# Problem to work on:
Below this sentence is a listing; return exactly its lines from the one with "Wooden Sticks Take" to the one with "kitchen with stainless", both kept, and nothing more.
(Extracted information begins)
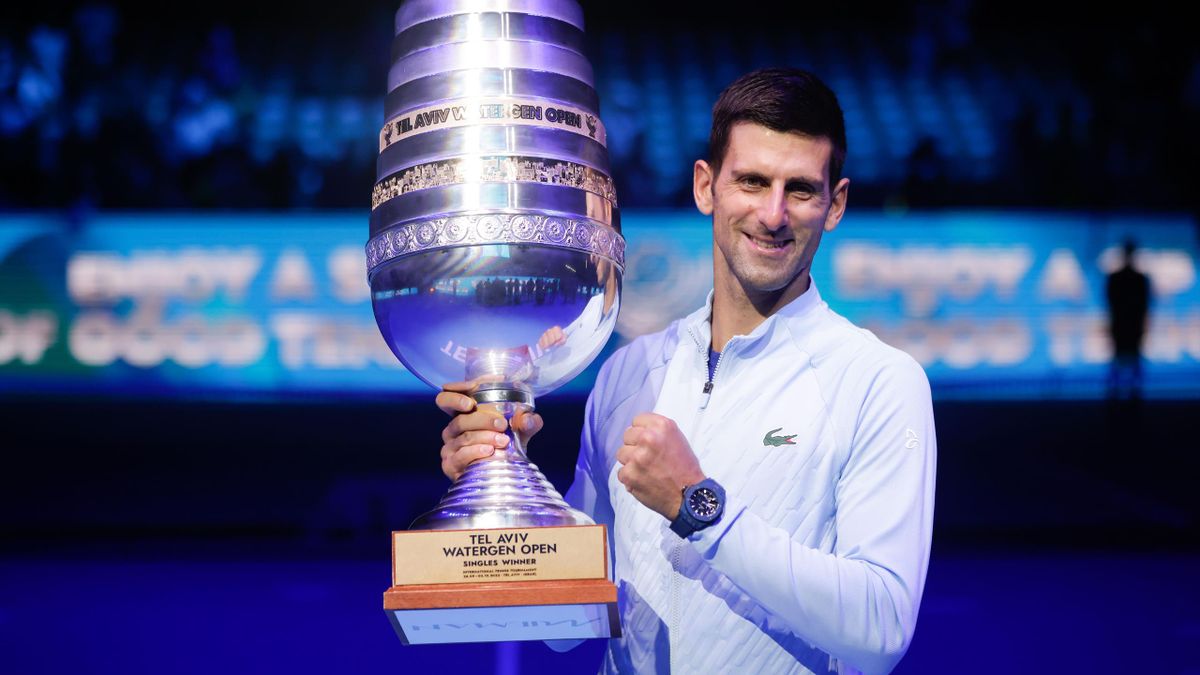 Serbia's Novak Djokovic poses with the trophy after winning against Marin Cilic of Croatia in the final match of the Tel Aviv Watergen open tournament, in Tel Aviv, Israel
(Extracted information ends)
(Extracted information begins)
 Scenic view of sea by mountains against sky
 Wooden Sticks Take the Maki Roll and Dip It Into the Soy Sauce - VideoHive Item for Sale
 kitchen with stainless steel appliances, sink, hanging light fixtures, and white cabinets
(Extracted information ends)
(Extracted information begins)
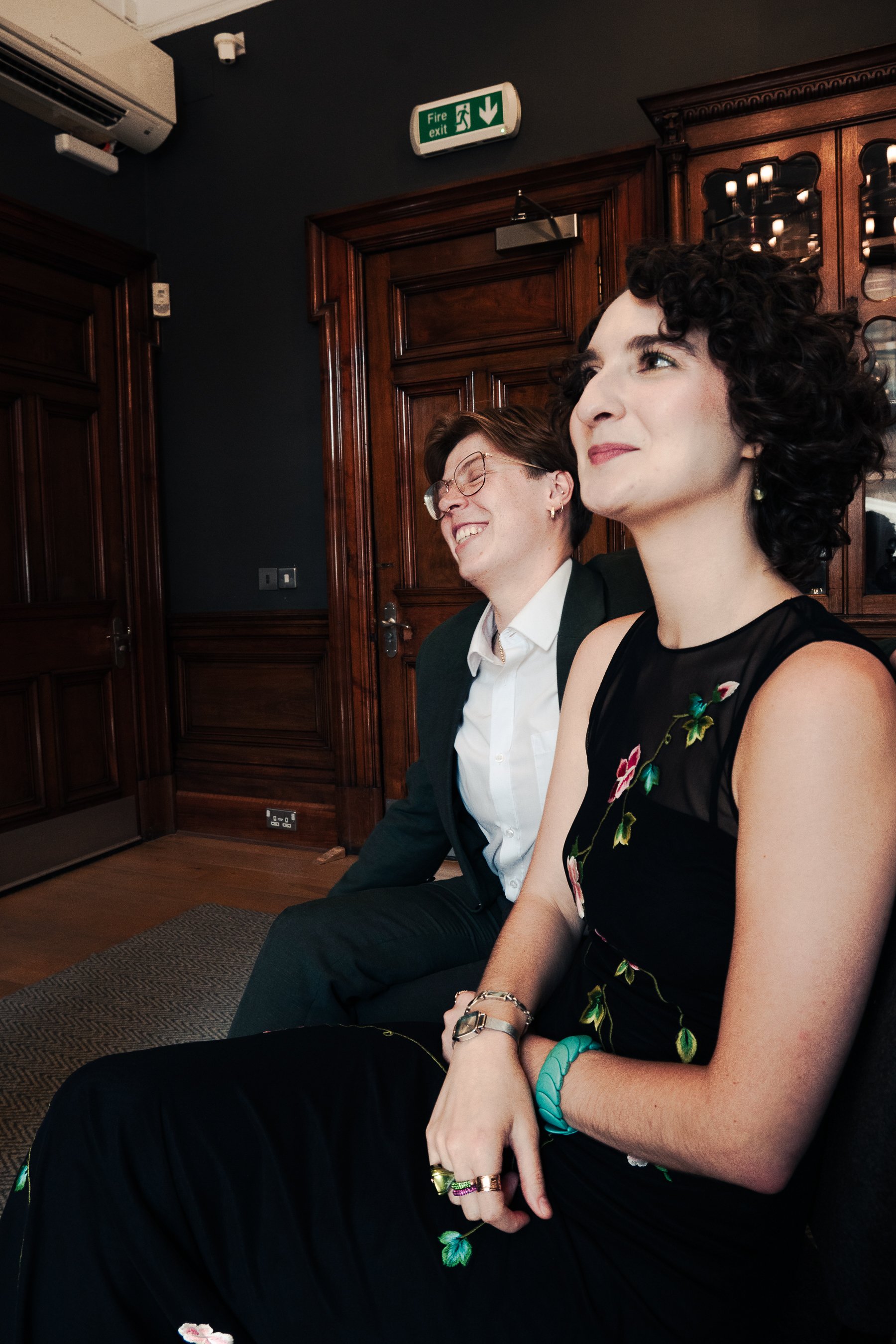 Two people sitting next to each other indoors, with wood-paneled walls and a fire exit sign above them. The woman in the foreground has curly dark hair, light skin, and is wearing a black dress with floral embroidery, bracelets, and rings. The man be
(Extracted information ends)
# Response to the exercise:
 Wooden Sticks Take the Maki Roll and Dip It Into the Soy Sauce - VideoHive Item for Sale
 kitchen with stainless steel appliances, sink, hanging light fixtures, and white cabinets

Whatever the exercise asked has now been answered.